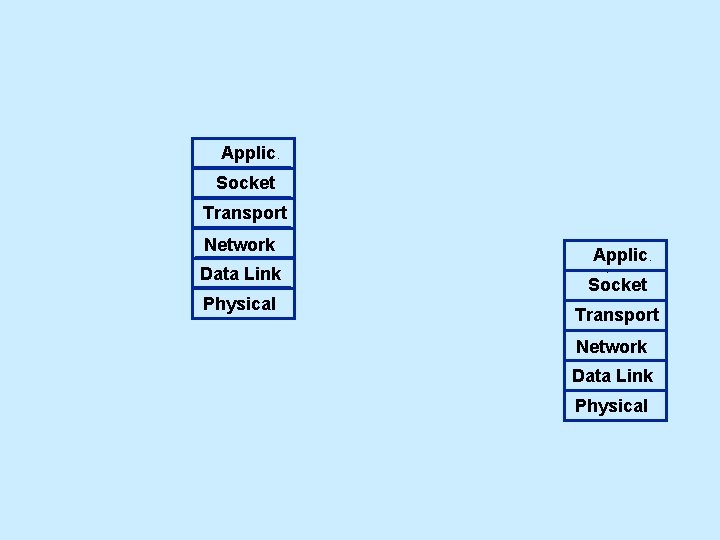Applic. Socket Transport Network Data Link Physical Applic. . Socket Transport Network Data Link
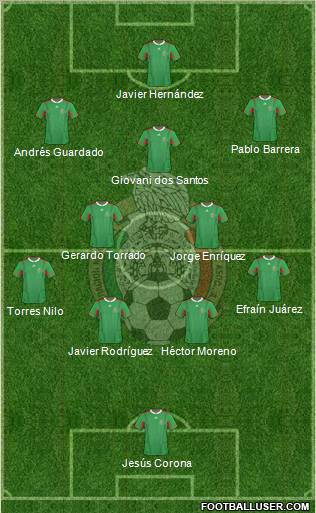 Mexico Formation 2011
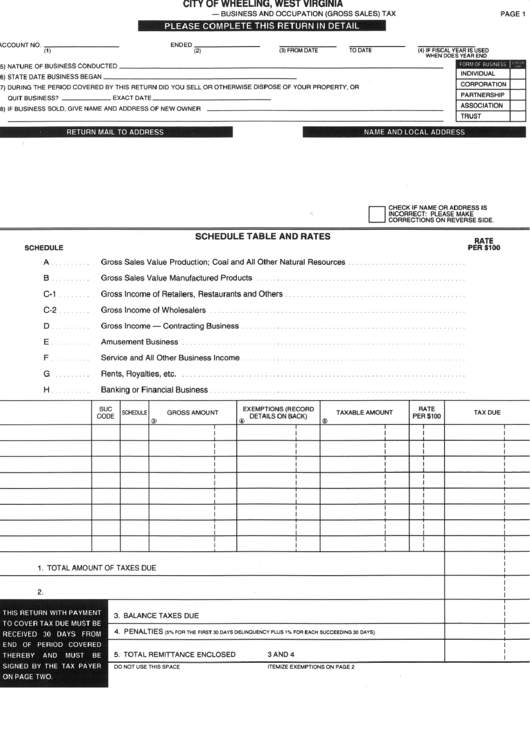 Business & Occupation Privilege(Gross Sales) Tax - City Of Weeling, West Virginia Printable pdf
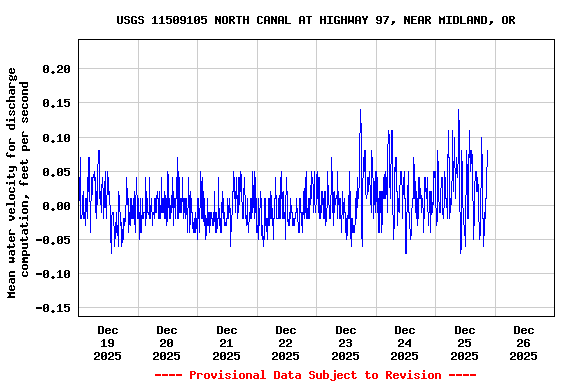 Graph of  Mean water velocity for discharge computation, feet per second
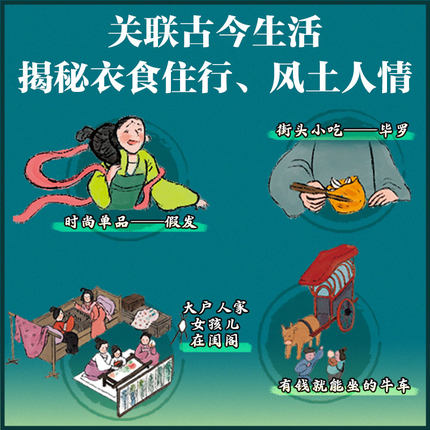 一眼千年趣味历史翻翻书去唐朝去宋朝3D立体翻翻书新年礼物益智游戏故事书籍大开本儿童科普翻翻3-6-8-10岁宝宝小学生课外阅读拉
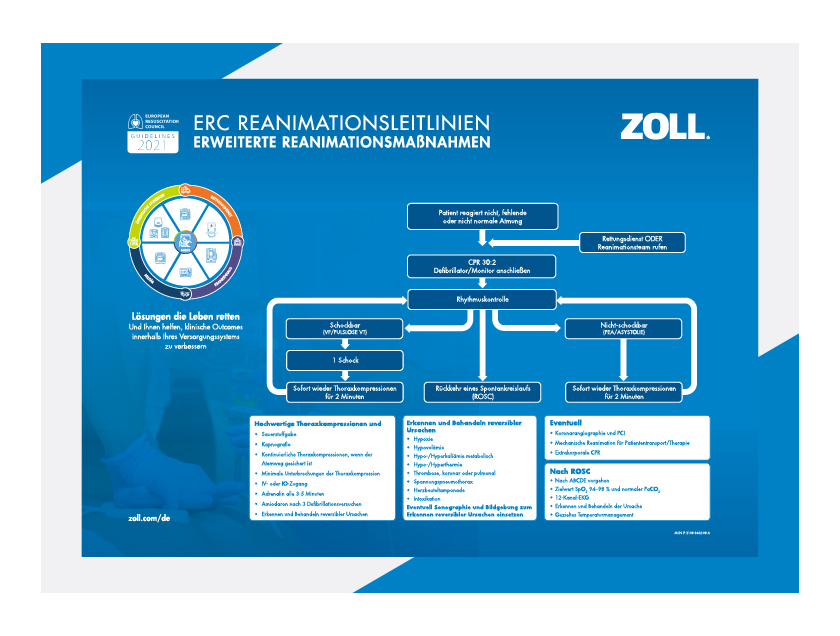 ERC Leitlinien 2021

---

**WORK REQUEST:** Set out, exactly as given, the line that contains "Mexico Formation 2011" along with each line after it through the end of the records above; omit the pictures.

**RESULT FOR THIS TASK:**
 Mexico Formation 2011
 Business & Occupation Privilege(Gross Sales) Tax - City Of Weeling, West Virginia Printable pdf
 Graph of  Mean water velocity for discharge computation, feet per second
 一眼千年趣味历史翻翻书去唐朝去宋朝3D立体翻翻书新年礼物益智游戏故事书籍大开本儿童科普翻翻3-6-8-10岁宝宝小学生课外阅读拉
 ERC Leitlinien 2021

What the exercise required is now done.